:: The data

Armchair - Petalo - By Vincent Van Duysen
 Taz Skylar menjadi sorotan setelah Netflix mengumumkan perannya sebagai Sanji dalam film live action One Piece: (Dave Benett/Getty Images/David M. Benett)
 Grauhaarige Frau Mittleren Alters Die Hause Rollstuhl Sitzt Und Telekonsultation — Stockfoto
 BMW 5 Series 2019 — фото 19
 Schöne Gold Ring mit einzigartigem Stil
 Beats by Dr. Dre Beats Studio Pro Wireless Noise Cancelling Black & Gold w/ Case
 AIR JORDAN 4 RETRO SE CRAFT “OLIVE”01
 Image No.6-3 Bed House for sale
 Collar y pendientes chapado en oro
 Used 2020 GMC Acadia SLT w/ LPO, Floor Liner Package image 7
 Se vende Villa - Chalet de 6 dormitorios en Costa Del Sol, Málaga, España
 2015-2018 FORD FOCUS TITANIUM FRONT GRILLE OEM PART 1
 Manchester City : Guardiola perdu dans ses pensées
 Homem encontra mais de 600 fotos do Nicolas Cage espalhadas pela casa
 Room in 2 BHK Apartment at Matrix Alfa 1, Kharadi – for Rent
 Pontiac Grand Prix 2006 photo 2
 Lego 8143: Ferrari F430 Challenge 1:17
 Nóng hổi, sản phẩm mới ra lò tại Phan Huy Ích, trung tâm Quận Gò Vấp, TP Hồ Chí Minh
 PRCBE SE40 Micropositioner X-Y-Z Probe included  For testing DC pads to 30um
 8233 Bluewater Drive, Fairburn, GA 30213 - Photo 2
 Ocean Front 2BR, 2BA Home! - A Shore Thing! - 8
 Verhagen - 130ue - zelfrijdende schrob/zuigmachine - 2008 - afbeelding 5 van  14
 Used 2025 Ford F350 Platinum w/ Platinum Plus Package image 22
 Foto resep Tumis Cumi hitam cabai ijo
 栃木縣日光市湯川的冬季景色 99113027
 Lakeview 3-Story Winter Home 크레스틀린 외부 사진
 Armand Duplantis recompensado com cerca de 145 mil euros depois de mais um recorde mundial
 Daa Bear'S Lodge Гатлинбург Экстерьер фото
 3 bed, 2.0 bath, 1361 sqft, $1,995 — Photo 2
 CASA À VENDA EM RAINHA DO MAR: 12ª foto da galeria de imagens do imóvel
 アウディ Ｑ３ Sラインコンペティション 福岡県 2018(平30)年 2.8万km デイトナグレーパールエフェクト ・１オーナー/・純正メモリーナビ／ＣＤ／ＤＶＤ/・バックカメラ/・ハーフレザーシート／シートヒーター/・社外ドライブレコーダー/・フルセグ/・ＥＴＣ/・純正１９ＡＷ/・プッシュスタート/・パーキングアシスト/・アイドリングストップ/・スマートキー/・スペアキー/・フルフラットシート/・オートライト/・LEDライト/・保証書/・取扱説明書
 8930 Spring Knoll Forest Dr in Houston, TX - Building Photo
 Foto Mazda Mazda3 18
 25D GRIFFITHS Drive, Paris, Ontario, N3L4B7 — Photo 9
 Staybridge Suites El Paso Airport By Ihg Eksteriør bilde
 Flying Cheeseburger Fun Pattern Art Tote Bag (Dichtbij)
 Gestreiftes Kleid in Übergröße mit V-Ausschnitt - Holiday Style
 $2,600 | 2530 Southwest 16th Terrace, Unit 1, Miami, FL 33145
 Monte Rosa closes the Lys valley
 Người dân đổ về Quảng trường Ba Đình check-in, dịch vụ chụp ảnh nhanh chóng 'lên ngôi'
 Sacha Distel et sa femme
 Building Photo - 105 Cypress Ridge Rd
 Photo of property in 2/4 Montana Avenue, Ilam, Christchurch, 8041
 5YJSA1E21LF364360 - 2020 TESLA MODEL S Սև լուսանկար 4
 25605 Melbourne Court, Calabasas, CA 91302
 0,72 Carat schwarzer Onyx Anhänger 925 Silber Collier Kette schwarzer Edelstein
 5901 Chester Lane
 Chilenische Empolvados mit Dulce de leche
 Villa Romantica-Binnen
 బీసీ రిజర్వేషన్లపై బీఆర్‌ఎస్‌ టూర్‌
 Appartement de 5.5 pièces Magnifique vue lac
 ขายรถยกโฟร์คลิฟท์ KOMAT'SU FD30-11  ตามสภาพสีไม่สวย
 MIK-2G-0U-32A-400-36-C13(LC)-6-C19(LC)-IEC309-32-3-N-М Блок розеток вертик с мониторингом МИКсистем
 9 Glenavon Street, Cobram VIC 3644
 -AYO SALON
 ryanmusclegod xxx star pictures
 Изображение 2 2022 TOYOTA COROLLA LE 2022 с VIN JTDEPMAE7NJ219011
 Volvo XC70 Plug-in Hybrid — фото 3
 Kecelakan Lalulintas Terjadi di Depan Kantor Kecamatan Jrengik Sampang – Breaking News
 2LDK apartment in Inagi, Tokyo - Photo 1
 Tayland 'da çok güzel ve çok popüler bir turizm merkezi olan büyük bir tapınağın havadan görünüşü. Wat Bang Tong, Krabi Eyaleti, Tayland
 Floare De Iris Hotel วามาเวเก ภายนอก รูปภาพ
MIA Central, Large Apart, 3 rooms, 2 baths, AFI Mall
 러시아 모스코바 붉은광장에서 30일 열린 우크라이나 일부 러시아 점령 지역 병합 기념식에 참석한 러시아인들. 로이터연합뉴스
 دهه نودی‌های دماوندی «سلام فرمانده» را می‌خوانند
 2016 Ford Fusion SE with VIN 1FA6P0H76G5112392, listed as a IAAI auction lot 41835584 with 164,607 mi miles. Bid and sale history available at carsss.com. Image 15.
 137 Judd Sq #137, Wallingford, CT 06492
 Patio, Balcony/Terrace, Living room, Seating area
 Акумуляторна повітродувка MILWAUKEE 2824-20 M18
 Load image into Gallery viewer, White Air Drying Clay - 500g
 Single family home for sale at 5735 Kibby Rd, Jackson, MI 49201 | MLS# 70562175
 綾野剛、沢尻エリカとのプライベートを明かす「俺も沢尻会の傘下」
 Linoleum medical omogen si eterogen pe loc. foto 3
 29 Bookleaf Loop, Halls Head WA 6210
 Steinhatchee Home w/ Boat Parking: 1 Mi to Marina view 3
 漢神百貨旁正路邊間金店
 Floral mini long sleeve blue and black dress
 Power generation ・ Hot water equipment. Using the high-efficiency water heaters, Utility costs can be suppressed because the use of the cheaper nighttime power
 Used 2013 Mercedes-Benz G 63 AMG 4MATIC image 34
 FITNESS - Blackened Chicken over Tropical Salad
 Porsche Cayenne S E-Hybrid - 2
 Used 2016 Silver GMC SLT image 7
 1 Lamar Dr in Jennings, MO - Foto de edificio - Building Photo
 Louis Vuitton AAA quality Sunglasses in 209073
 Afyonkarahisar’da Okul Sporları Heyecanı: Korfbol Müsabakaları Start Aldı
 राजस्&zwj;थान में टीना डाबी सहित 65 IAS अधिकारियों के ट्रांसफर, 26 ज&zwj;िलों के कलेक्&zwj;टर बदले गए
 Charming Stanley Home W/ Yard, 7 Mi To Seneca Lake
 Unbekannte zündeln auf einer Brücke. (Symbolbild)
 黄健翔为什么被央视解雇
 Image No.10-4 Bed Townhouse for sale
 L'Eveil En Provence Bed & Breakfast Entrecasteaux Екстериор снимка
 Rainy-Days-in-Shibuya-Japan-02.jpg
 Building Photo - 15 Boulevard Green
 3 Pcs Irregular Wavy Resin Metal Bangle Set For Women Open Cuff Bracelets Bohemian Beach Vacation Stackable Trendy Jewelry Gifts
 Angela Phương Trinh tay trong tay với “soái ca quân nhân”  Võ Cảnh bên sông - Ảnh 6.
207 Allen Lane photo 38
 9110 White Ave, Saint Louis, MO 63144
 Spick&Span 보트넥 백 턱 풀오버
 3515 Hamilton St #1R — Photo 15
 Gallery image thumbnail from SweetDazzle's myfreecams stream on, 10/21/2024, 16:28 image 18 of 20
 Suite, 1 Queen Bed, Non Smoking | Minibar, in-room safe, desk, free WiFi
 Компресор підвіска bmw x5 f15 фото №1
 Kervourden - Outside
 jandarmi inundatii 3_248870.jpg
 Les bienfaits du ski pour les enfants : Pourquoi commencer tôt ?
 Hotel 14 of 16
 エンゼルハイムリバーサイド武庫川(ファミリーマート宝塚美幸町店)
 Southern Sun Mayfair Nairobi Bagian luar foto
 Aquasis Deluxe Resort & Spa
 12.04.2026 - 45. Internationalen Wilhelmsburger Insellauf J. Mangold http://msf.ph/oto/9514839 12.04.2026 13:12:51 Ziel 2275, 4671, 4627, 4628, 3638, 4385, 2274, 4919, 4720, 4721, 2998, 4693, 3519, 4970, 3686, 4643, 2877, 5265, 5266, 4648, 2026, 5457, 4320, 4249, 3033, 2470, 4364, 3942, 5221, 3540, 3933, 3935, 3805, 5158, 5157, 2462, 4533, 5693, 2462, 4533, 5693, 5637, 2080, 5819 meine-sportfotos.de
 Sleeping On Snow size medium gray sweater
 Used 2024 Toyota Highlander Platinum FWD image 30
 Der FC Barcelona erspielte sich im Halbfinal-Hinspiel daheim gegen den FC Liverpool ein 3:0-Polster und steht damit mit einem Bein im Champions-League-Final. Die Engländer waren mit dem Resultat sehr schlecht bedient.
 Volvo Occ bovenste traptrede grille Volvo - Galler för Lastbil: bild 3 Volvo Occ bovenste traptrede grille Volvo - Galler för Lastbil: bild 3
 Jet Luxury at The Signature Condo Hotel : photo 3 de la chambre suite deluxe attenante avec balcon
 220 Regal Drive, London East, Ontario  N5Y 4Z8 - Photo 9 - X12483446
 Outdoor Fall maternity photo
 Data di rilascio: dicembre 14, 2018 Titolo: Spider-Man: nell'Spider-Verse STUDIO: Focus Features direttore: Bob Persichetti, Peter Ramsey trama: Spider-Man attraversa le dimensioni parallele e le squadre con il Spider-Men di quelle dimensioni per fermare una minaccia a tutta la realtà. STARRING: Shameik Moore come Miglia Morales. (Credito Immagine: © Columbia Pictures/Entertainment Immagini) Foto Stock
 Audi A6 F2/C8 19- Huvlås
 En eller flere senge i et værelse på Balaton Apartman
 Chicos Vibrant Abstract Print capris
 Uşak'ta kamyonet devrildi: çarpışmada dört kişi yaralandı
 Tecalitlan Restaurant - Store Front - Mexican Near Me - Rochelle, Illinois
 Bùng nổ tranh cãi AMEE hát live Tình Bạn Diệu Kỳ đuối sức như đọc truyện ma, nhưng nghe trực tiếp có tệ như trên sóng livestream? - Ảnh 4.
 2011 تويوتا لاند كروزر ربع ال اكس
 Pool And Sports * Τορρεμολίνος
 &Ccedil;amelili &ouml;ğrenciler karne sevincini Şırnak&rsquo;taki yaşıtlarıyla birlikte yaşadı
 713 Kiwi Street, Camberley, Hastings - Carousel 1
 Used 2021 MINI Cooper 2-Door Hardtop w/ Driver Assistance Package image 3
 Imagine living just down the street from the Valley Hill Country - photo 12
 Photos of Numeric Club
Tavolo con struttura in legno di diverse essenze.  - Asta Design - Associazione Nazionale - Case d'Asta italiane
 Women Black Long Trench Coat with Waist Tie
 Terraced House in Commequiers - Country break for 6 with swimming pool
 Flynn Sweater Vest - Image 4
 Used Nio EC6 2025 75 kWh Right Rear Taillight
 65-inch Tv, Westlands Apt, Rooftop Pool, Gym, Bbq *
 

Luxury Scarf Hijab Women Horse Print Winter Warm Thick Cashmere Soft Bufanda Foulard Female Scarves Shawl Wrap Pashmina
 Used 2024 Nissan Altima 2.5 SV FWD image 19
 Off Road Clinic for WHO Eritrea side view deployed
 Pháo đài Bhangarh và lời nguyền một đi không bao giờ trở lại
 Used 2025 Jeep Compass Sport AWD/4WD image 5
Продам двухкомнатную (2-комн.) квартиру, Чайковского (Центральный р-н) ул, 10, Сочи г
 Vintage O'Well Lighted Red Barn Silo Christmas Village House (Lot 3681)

::::

• [Exercise details]:
An exact copy of the lines above between the line holding "En eller flere" and the line holding "65-inch Tv, Westlands", inclusive, is the whole answer.

• [Result for this task]:
 En eller flere senge i et værelse på Balaton Apartman
 Chicos Vibrant Abstract Print capris
 Uşak'ta kamyonet devrildi: çarpışmada dört kişi yaralandı
 Tecalitlan Restaurant - Store Front - Mexican Near Me - Rochelle, Illinois
 Bùng nổ tranh cãi AMEE hát live Tình Bạn Diệu Kỳ đuối sức như đọc truyện ma, nhưng nghe trực tiếp có tệ như trên sóng livestream? - Ảnh 4.
 2011 تويوتا لاند كروزر ربع ال اكس
 Pool And Sports * Τορρεμολίνος
 &Ccedil;amelili &ouml;ğrenciler karne sevincini Şırnak&rsquo;taki yaşıtlarıyla birlikte yaşadı
 713 Kiwi Street, Camberley, Hastings - Carousel 1
 Used 2021 MINI Cooper 2-Door Hardtop w/ Driver Assistance Package image 3
 Imagine living just down the street from the Valley Hill Country - photo 12
 Photos of Numeric Club
Tavolo con struttura in legno di diverse essenze.  - Asta Design - Associazione Nazionale - Case d'Asta italiane
 Women Black Long Trench Coat with Waist Tie
 Terraced House in Commequiers - Country break for 6 with swimming pool
 Flynn Sweater Vest - Image 4
 Used Nio EC6 2025 75 kWh Right Rear Taillight
 65-inch Tv, Westlands Apt, Rooftop Pool, Gym, Bbq *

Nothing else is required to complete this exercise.